The Judge also said I had weaponised DD by refusing to allow him contact on fathers day for no good reason, well I consider being in court the day before your birthday and only having the weekend to celebrate the first birthday not in an abusive relationship as a good reason.
I've come off lightly compared to him I guess.
The section 7 will take up to 14 weeks, so he will have supervised contact in that time.
I still feel worried, I don't really know why.

OP posts:
Pebbledashery · 05/07/2021 14:02

although in the section of his impression of both witnesses (me and ex) he said that I was extremely intelligent and articulate, and he could quite clearly see I was a broken person who had attempted to put myself back together following the emotional turmoil.

OP posts:
Justmeandme19 · 05/07/2021 14:25

From my experience., you really just need to see it as the bigger picture. Yes there will be things your not happy with (i found the same). But you entered into the court process to keep yourself and your daughter safe. Have you achieved this? Yes. The finner details are insignificant.

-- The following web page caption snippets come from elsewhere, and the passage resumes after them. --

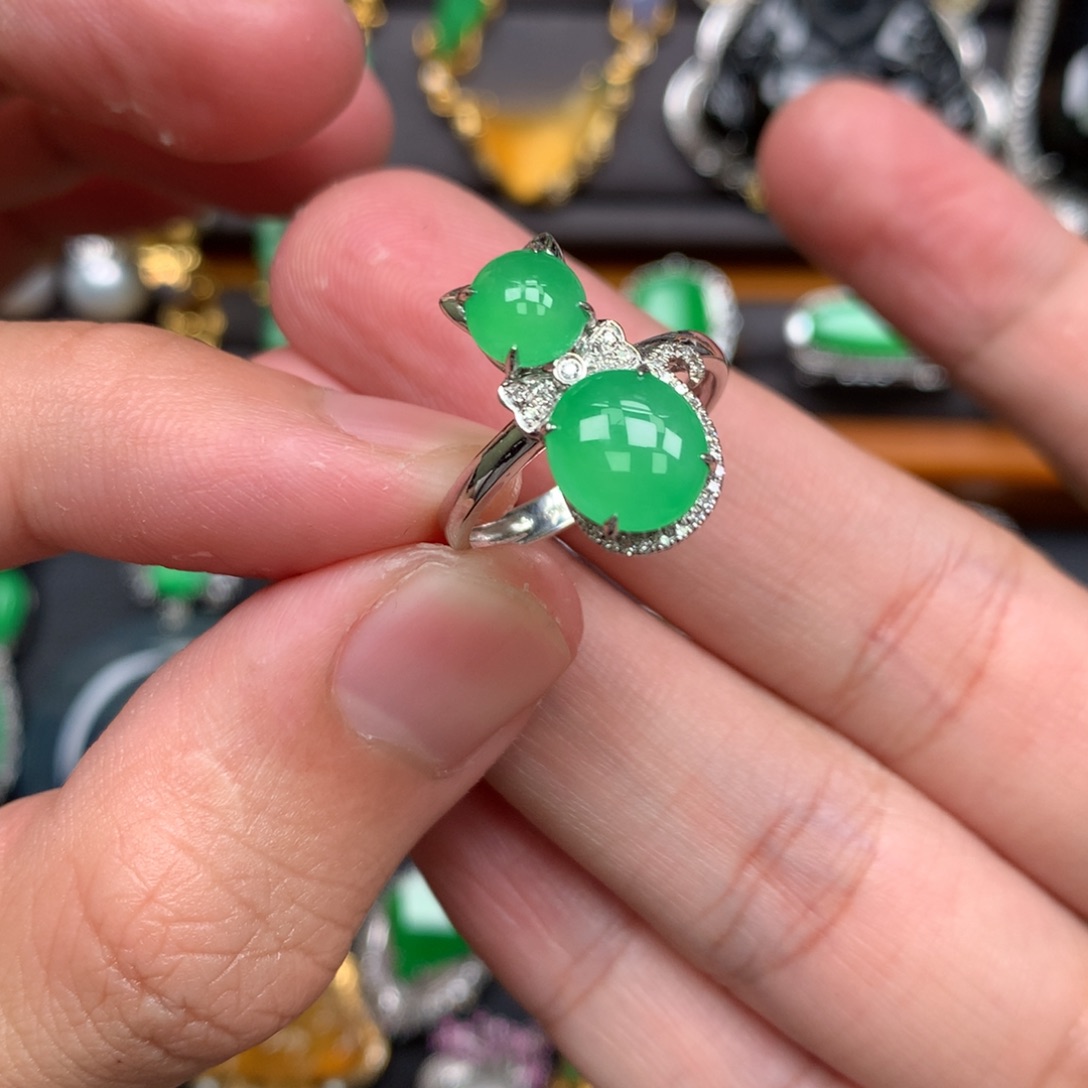 翡翠18K金镶嵌戒指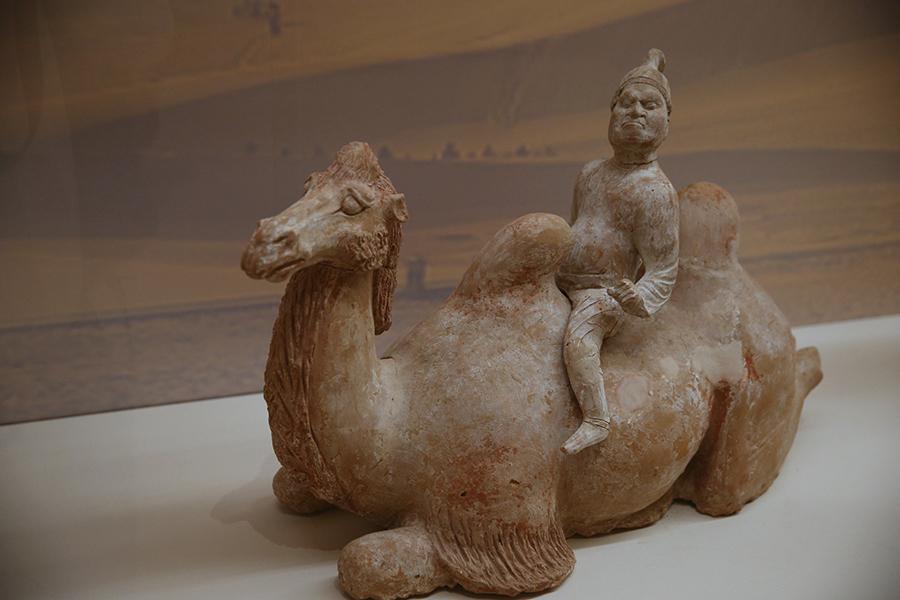 The ongoing The Grandeur of Tang at the National Museum of China puts together some 120 objects of the great era from the collections of nine museums and cultural institutions around Shaanxi Province, the former site of the imperial capital, Chang\'an (today\'s Xi\'an).  (Photo/China Daily)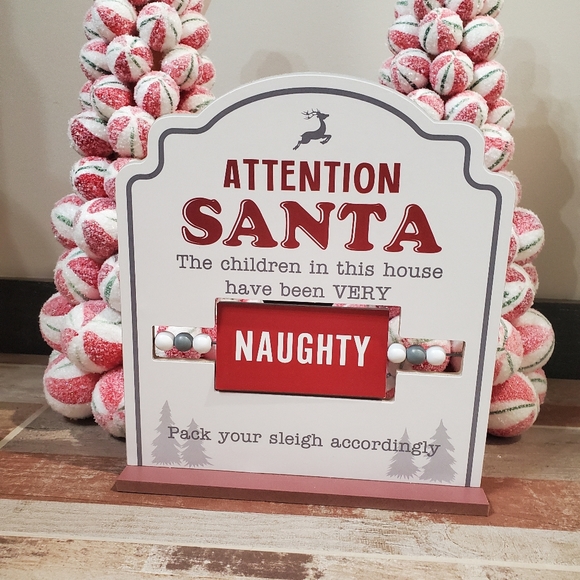 Attention Santa Holiday Wooden Sign-NWT - Picture 1 of 2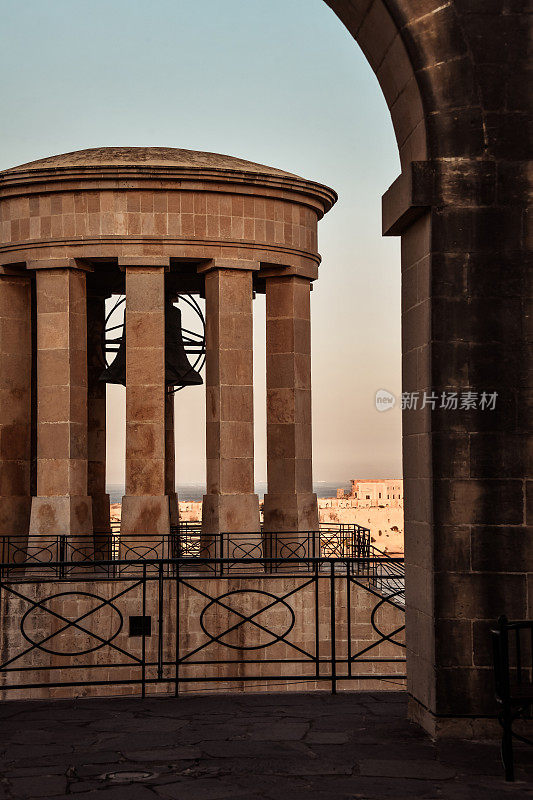 黄昏时分，瓦莱塔，马耳他，上巴拉卡花园的攻城钟战争纪念碑
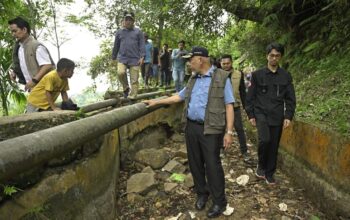 Gubernur Mahyeldi mengecek kondisi irigasi Banda Gadang Kabupaten Solok. (dok. istimewa)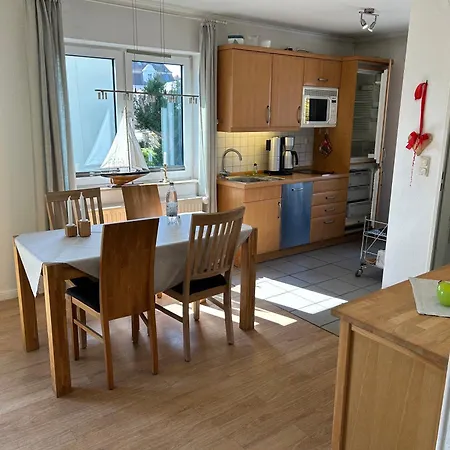 Ferienwohnung Haus Potosi, Travemünde Lübeck Exterior foto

Pebbledashery · 05/07/2021 14:32

This fact finding was to do with the non-molestation order also, not children's proceedings - although he made findings of child abuse. This was actually all relative to the NMO, which has been extended.

OP posts:
Queenie6655 · 05/07/2021 14:34

Wow

Good outcome

Yes it is hard to read some parts of this

So for you op
Hoping this means never any unsupervised contact? Ever!!!??

Well done for getting through this hell

Pebbledashery · 05/07/2021 14:56

Im just worried, my solicitor said at some point in the future he has a legal right to know what school DD goes to etc and that he will find out what county she is in.. How can I get around this? can there be some kind of restriction implied onto his PR where he doesn't know what school she goes to? I just can't risk him knowing where we are. I really can't. My life won't be worth living.

OP posts:
jay55 · 05/07/2021 14:59

Overall things sound good. Such a relief that the non mol has been extended and all the findings against him.

Why the fuck would a judge think a father who has abused his child deserved to spend Father's Day with said child?

Whatamesssss · 05/07/2021 15:07

Would the stalking protection order stop them from telling him which school she goes to? I imagine it would, but again, I have no knowledge of this, maybe someone else could shed some light?

Pebbledashery · 05/07/2021 15:45

I think more importantly, he's very clearly said that unsupervised contact is not appropriate at all at this point.. i think his side was hoping that they could ask for unsupervised contact to commence!

OP posts:
Queenie6655 · 05/07/2021 16:12

Well that's good news

I hope this stays set in stone

When you are this vile you should not get away with these things

fourquenelles · 05/07/2021 17:02

Phew Pebble really good news even with the little bits of mould in there. I don't think that there is still any real understanding by people who have never been in the position just how you can drive yourself to act totally out of character by frustration, injustice and buttons being pushed.

If I could have gotten hold of my daughter's abuser I would have stabbed him in the neck and quite happily gone to prison for it and normally I can't even kill spiders. Thankfully he died falling out of a window after a heart attack brought on by a huge drug overdose. I am more than happy to wish the same for your abuser.